(VOVWORLD) - Autrefois, après le mariage, les hommes Thaï de Son La devaient rester chez leur épouse pour une durée comprise entre deux et sept ans. Ce n’est qu’après qu’ils pouvaient la ramener chez eux. Cette pratique n’existe plus aujourd’hui, mais les Thaï chantent encore les chansons que la famille du marié chantait autrefois pour lui dire au revoir, et plus tard pour accueillir son épouse. La seule différence, c’est que ces deux chansons résonnent maintenant lors d’une même cérémonie, celle du mariage.
Dans un mariage Thaï de Son La, chacune des deux familles fait appel à un entremetteur et à une entremetteuse, qui les représenteront lors du traditionnel échange de chants nuptiaux. En fait, ces échanges entre entremetteurs sont des échanges chantés. D’abord, les représentants de la famille du marié saluent l’assistance. Ensuite, les quatre entremetteurs et entremetteuses interprètent des chants alternés qui rendent hommage aux parents et soulignent les qualités des mariés. Chacune des deux parties tient à complimenter l’autre en faisant preuve d’une grande modestie, nous précise Câm Vui, un chanteur émérite de Son La qui a servi d’entremetteur lors de dizaines de mariages.
«Nous remercions les parents et la famille de la mariée de nous avoir accueillis. Avec votre consentement, nous nous permettons de lui demander la main», dit le chant d’aurevoir au marié. «Notre fils souhaite devenir votre gendre, le mari fidèle de votre fille, celui qui partage sa couverture et fait sécher son linge sur le même étendoir. Notre fils a encore plein de choses à apprendre. Nous vous le confions et comptons entièrement sur votre bienveillance».
Voilà pour le chant d’aurevoir au marié auquel répondront l’entremetteur et l’entremetteuse du côté de la mariée par des paroles tout aussi modestes. Ils chantent pour demander à l’autre famille d’installer une échelle pour permettre à la mariée de monter dans la maison sur pilotis de son mari, puis pour la confier à sa belle-famille. Celle-ci l’accueille à bras ouverts et reçoit avec joie les cadeaux qu’elle remet aux grands-parents, aux parents, aux oncles et aux tantes de son mari. Ces cadeaux sont souvent des objets de literie ou des turbans que la mariée a tissés elle-même. En la confiant à sa belle-famille, ses parents lui disent de travailler dur pour le bien de sa nouvelle famille.

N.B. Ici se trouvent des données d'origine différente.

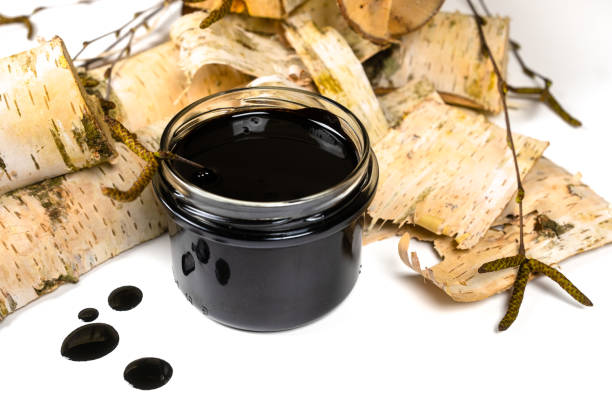 istock Birch tar or pitch in a jar and birch tree bark on white background. Wood tar. Liquid mineral tar from birch bark 1499493711
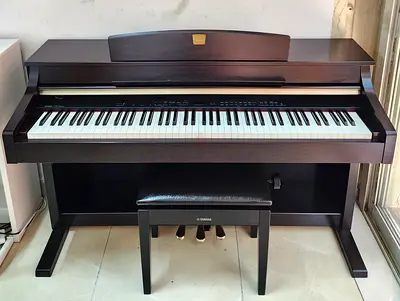 The Yamaha Clavinova CLP-340 is a mid-to-high range digital piano featuring an 88-key Graded Hammer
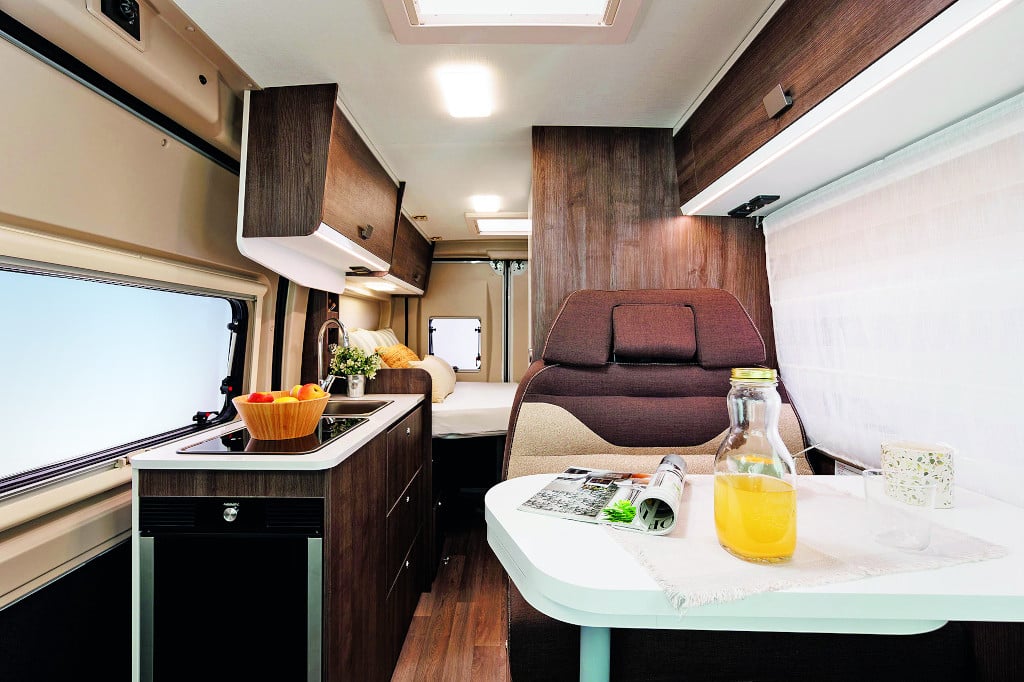 Innenansicht nach hinten, Sitzgruppe mit hellem Tisch und dunkelbraunem Polster und Möbeldekor.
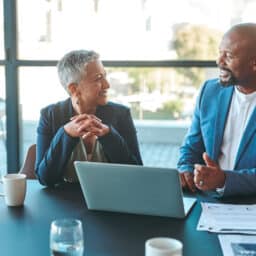 Two people talking in an office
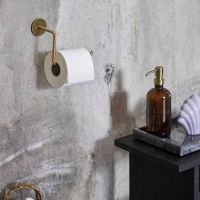 Messing toiletrulleholder på væg med toiletpapir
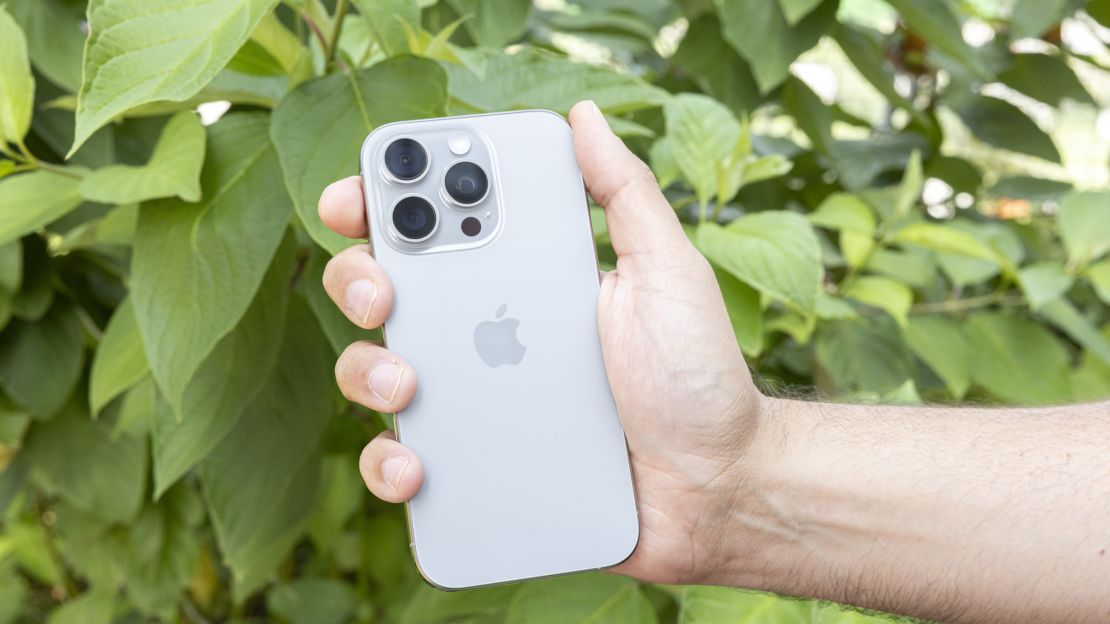 Natural Titanium iPhone 16 Pro in hand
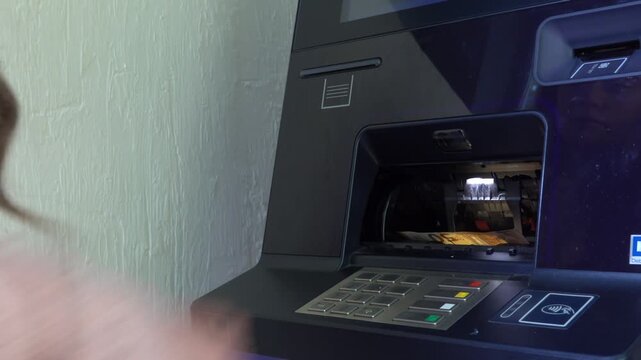 Woman withdrawing cash from an automated teller machine at bank branch.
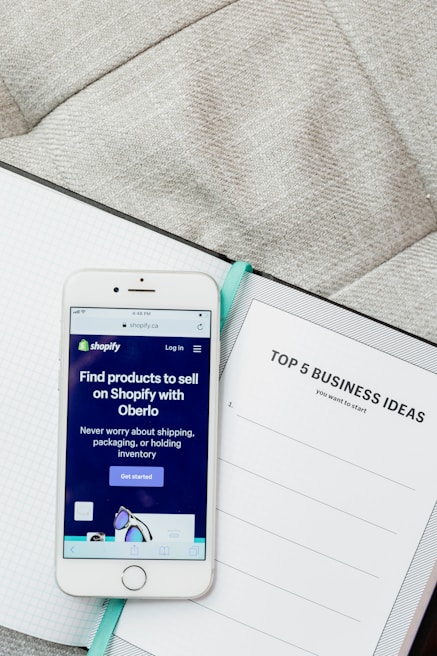 white samsung android smartphone on white paper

«Aujourd’hui, notre famille vient vous offrir des objets de literie. Nous avons traversé tant de cols élevés, tant de ruisseaux profonds, tant de forêts et montagnes pour arriver jusqu’au village», chantent les entremetteurs du côté de la mariée. «Nous sommes impressionnés par ce que nous voyons dans ce beau village prospère, par ses grandes maisons et son marché animé. Nous voilà arrivés, en attendant que le beau-père ouvre la porte à sa sage bru, que la belle-mère descende l’escalier pour la faire entrer dans sa maison sur pilotis. Nous attendons que les oncles, les tantes et tous les proches du mari ouvrent la porte et installent une échelle pour la faire monter, une échelle à neuf marches, en bois parfumé sur laquelle la mariée posera ses pieds. Nous espérons que sous votre bienveillance, elle sera une bru exemplaire».
Entre deux chants, le chanteur ou la chanteuse s’arrête quelques minutes et invite les convives à porter un toast pour souhaiter un bonheur éternel au jeune couple. Ils peuvent ainsi chanter toute la nuit, nous dit avec admiration Cà Thi Hoan dont les parents étaient entremetteurs.
«Dès mon plus jeune âge, j’ai suivi mes parents, mes tantes et mes oncles lors des mariages dans lesquels ils servaient en tant qu’entremetteurs. Je vais moi aussi apprendre à faire comme eux. C’est une belle tradition culturelle des Thaï qui mérite d’être préservée», estime-t-elle.
Une belle tradition, en effet, qui a résisté et continuera de résister aux affres du temps et de la modernisation.